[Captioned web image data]
==========

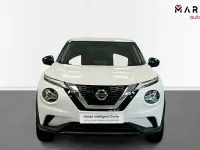 Usado Nissan Juke Acenta 114 CV (83 kW) 2022 Blanco everest (solido) negro SUV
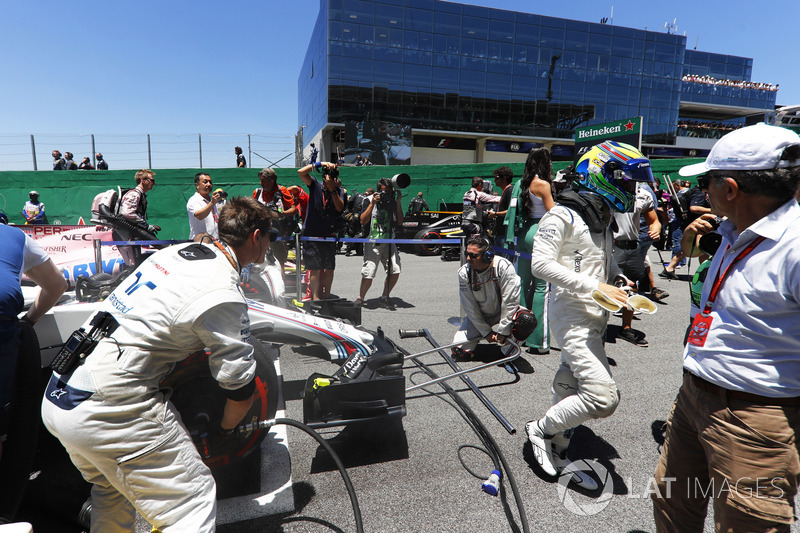 Felipe Massa, Williams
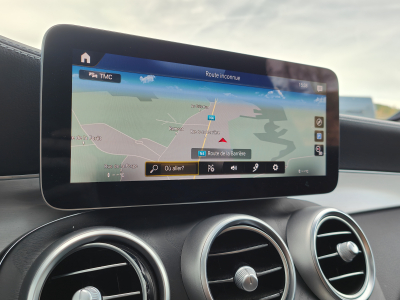 Mercedes-Benz GLC 200 PACK AMG 4 MATIC BLUETOOTH SIEGE CHAUFFANT GPS CARPLAY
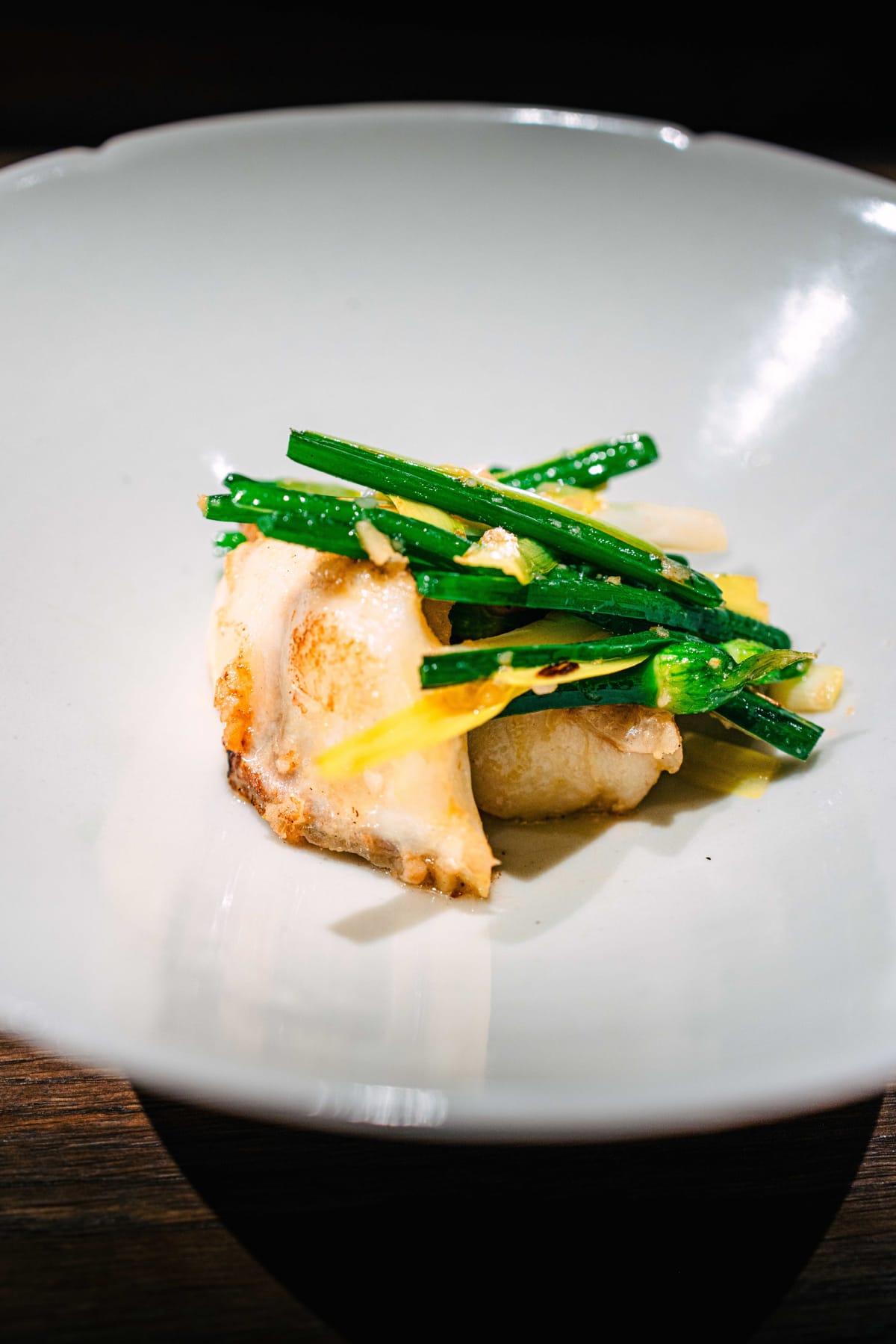 Ippei Hanten, Tokyo: further views of the grouper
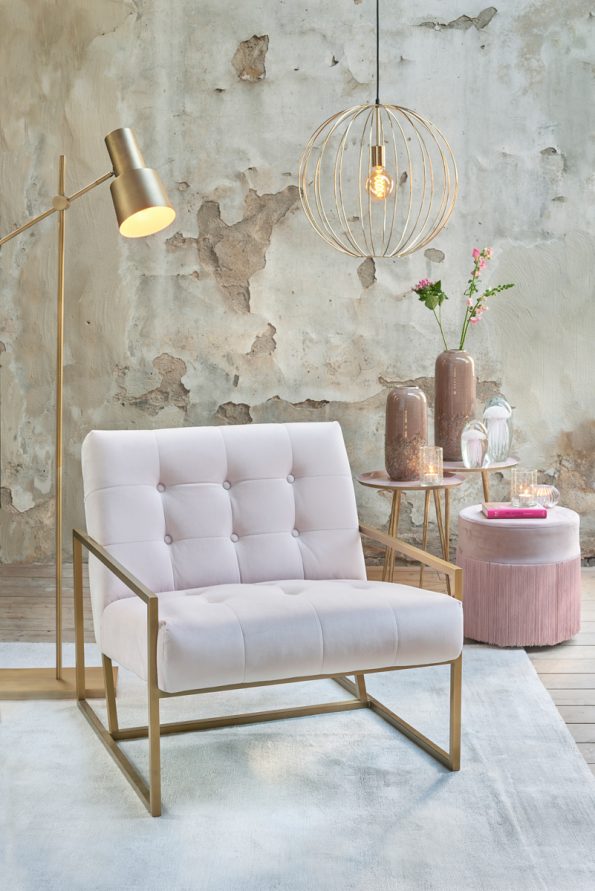Industrielle Stehlampe Preston Bronze – Bild 5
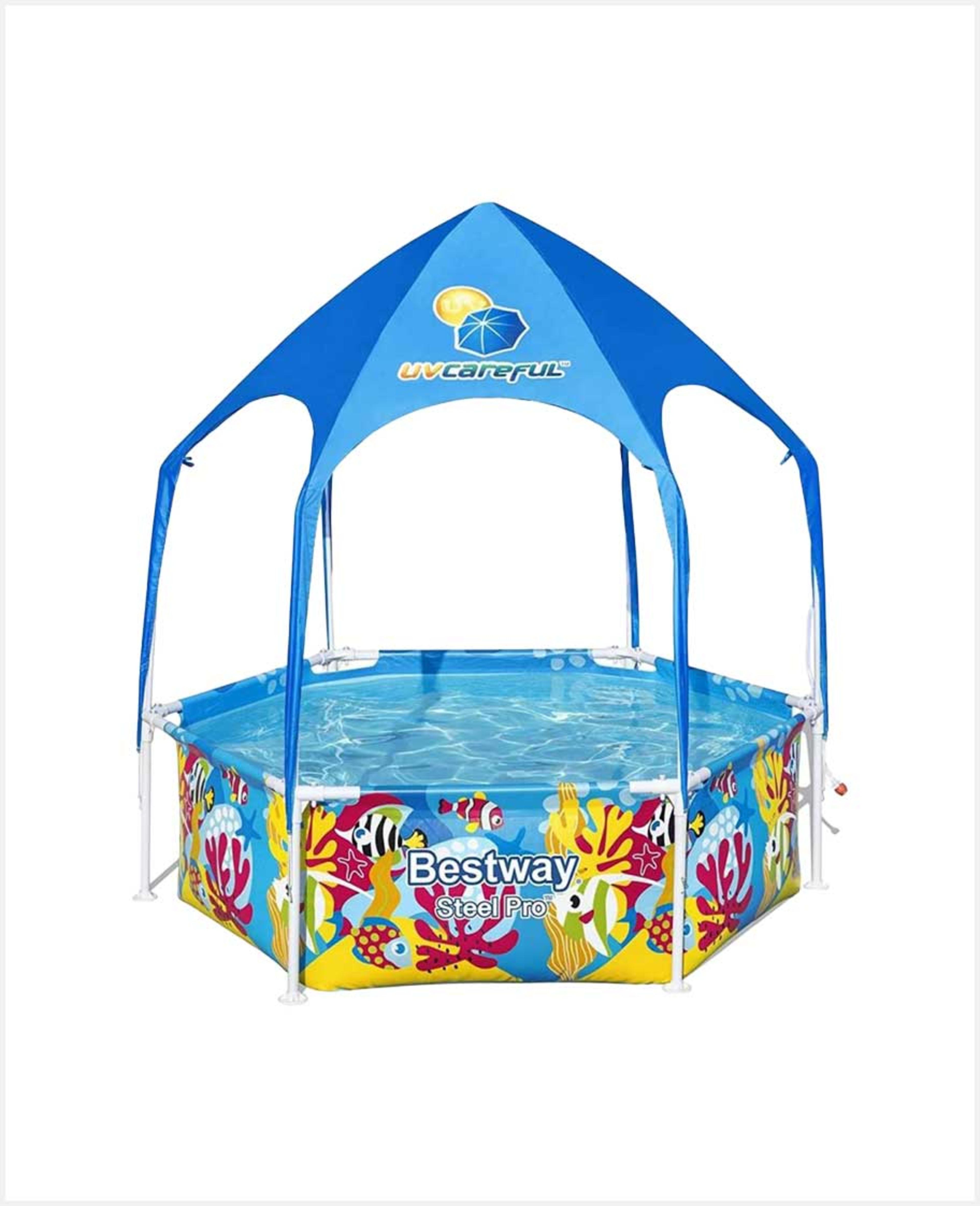 Bestway Splash-in-shade Play Pool 6'x20"/1.83mx51cm 5618t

==========

- _ACTIVITY_: Each line from the one containing "Felipe Massa, Williams" through the final line of the data must be reproduced exactly, both ends included, with no pictures in the copy.

- _THE ANSWER_:
 Felipe Massa, Williams
 Mercedes-Benz GLC 200 PACK AMG 4 MATIC BLUETOOTH SIEGE CHAUFFANT GPS CARPLAY
 Ippei Hanten, Tokyo: further views of the grouper
Industrielle Stehlampe Preston Bronze – Bild 5
 Bestway Splash-in-shade Play Pool 6'x20"/1.83mx51cm 5618t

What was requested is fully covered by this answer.